跳转至

Zoo Manifest Drift Export Implementation Plan

For Claude: REQUIRED SUB-SKILL: Use superpowers:executing-plans to implement this plan task-by-task.

Goal: Export manifest alignment / drift markers in zoo report and leaderboard outputs so benchmark consumers can see whether run metadata still matches the current manifest protocol and preset inventory.

Architecture: Keep the change export-only inside src/rl_training/zoo_cli.py. Enrich run rows with manifest-alignment flags based on preset_name and protocol_name, aggregate those flags into per-group counters, and add a compact top-level manifest_alignment_summary computed from the full filtered run set before any --top-k truncation.

Tech Stack: Python 3.10+, argparse, existing zoo CLI serializers, pytest.


Task 1: Add failing drift tests

Files: - Modify: tests/test_zoo_presets.py - Modify: tests/test_cli.py

Step 1: Write the failing tests - Add a report JSON test asserting run rows, aggregate rows, and a top-level summary expose preset/protocol drift markers. - Add a leaderboard JSON test asserting the same summary survives --top-k truncation and still reflects the full filtered run set.

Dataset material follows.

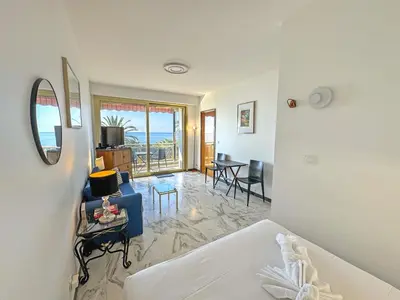 a kitchen with a counter with a sink and a window at Riviera Escape Promenade Nice in Nice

Step 2: Run tests to verify they fail

Run: pytest -q tests/test_zoo_presets.py::test_zoo_cli_report_json_includes_manifest_alignment_summary tests/test_cli.py::test_zoo_subcommand_leaderboard_json_includes_manifest_alignment_summary

Expected: FAIL because the payloads do not export manifest drift markers yet.

Task 2: Implement manifest drift export

Files: - Modify: src/rl_training/zoo_cli.py

Step 1: Write minimal implementation - Add helpers to classify each run as aligned, preset-unknown, protocol-mismatch, or both. - Aggregate the run-level flags into per-group counts and a top-level manifest_alignment_summary. - Flatten the new fields into text and CSV outputs.

Step 2: Run focused tests

Run: pytest -q tests/test_zoo_presets.py::test_zoo_cli_report_json_includes_manifest_alignment_summary tests/test_cli.py::test_zoo_subcommand_leaderboard_json_includes_manifest_alignment_summary

Expected: PASS.

Task 3: Document drift export

Files: - Modify: README.md - Modify: zoo/README.md - Modify: src/rl_training/assets/zoo/README.md

Step 1: Add docs - Describe that machine-readable benchmark exports now include manifest alignment / drift counts for preset and protocol mismatches.

Task 4: Verification

Run: - Focused: pytest -q tests/test_zoo_presets.py tests/test_cli.py - Broader: pytest -q

Notes: - This plan intentionally omits commits because the session instructions forbid committing unless explicitly requested.